Péter Korniss, mémoire vivante

Péter Korniss, mémoire vivante

Du 29 septembre au 8 janvier, la Galerie Nationale Hongroise accueille l’exposition “ Mémoire continue “. Celle-ci retrace le travail de Péter Korniss, maître de la photographie, du début des années 60 à nos jours.

Péter Korniss est un photographe accompli et reconnu. Pour ceux qui en douteraient, ses clichés exposés à la galerie Várfok (1) courant octobre le prouvent. Une seule galerie semble insuffisante pour contenir son génie.

De ses débuts dans le magazine féminin hebdomadaire “ Nők Lapja” (Le Journal des Femmes) à aujourd’hui, il a reçu de nombreuses récompenses dont notamment le prix Kossuth, considéré en Hongrie comme le plus prestigieux dans le domaine culturel. L’exposition est une sorte de cadeau, de don fait à la Galerie nationale.

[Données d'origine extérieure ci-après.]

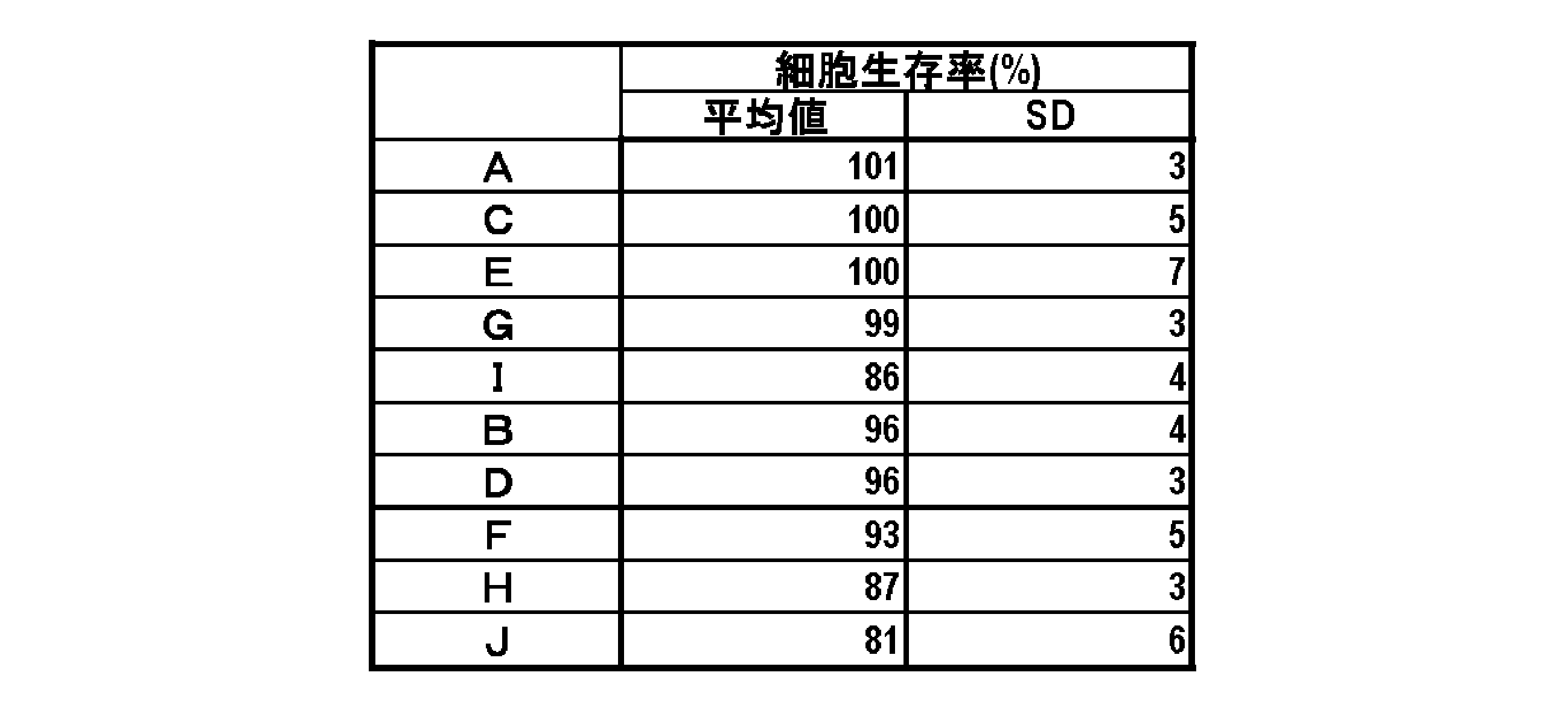Figure JPOXMLDOC01-appb-T000024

Nous sommes tous invités à aller admirer ce travail de toute une vie.

L’exposition est organisée en plusieurs sections. A travers celles-ci, nous sommes conviés à un voyage dans le temps, à un voyage de la campagne à la ville, à un voyage de la tradition à la modernité. Les premiers clichés nous emmènent en Transylvanie dans les années 60-70. Là, nous y découvrons le mode de vie des minorités paysannes hongroises traditionnelles. Le travail de la terre, les fêtes, les costumes...C’est une rencontre inédite avec un monde aujourd’hui presque disparu auquel Péter Korniss nous convie. De nombreuses photographies célèbres sont présentées comme celle de l’écolière ou encore celle de la fille fauchant le foin par exemple (certainement l’une des plus somptueuses de l’exposition).

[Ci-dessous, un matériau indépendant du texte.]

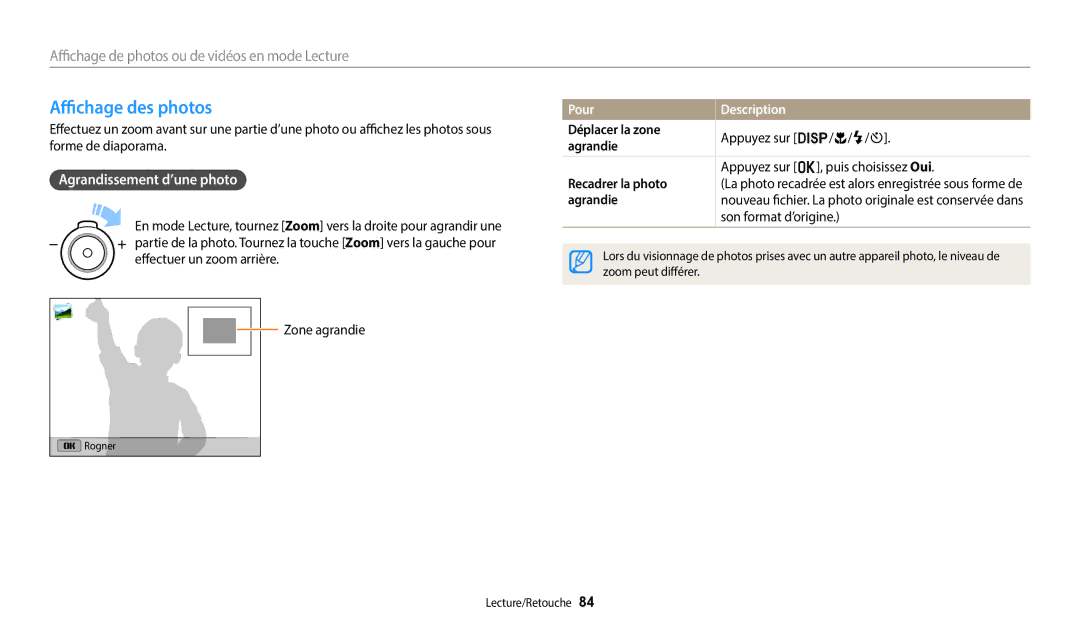 Samsung EC-ST152FBDWFR manual Affichage des photos, Agrandissement d’une photo, Pour Description, Son format d’origine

Travailleurs ambulants et femmes de ménage

Ce voyage dans le temps se poursuit et nous voilà désormais dans la deuxième section consacrée aux “Guest Workers”, ces travailleurs ambulants forcés de partir la semaine dans les usines et revenir chez eux le week-end. De l’agriculture à l’usine, la transition est rapide. Un véritable travail d’enquête se dévoile alors sous nos yeux, une sorte de documentaire retraçant avec fidélité les conditions de vie de ces hongrois déracinés.

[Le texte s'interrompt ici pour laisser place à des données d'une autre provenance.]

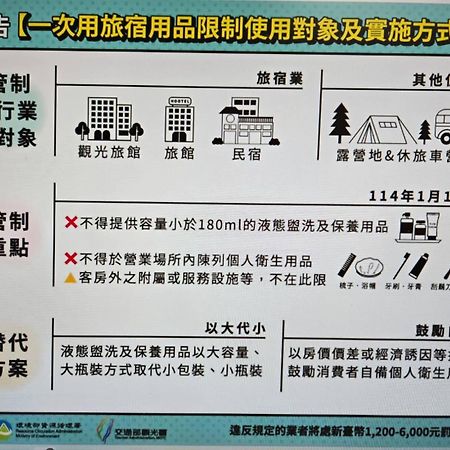 Jhen Pin Xuan B&B Taitung Luaran gambar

L’effet du temps sur ces personnes et ces sociétés s’avère tout aussi frappant pour le visiteur. La “modernité” s’invite depuis 1989 dans ces communautés. Nous observons dès lors un curieux mélange entre cette modernité et la tradition qui caractérise habituellement ces groupes. Le rapport entretenu entre ces deux concepts est intrinsèque au travail de Péter Korniss. Cette réflexion sur la coexistence de ces deux concepts est présente tout au long de l’exposition comme dans l’ensemble de son oeuvre. Cependant, cette problématique semble sous-entendue dans ces premiers clichés. Les dernières sections sont explicites. L’utilisation pour la première fois de la mise en scène dans ses photographies marque une volonté d’illustrer le mieux possible ce décalage entre l’ancien et le nouveau, entre la tradition et le présent. Ce contraste est saisissant lorsque nous posons notre regard sur les clichés de la section “ Nativity players”.  Des acteurs de pièces traditionnelles en costume photographiés dans un décor urbain et moderne interpellent et intriguent en même temps.

La dernière section présente des transylvaniennes venues à Budapest pour y travailler, souvent comme femmes de ménage. Ces images-ci n’ont jamais été exposées auparavant. Sont présentées devant nous les dernières pages d’un roman, un roman nous montrant la disparition progressive des modes de vie des communautés hongroises.

Les femmes photographiées l’avaient déjà été presque 50 années plus tôt,  pour certaines d’entre elles, par Péter Korniss. Elles sont la mémoire de ces traditions. En cela, l’exposition Korniss incarne un antidote contre l’oubli.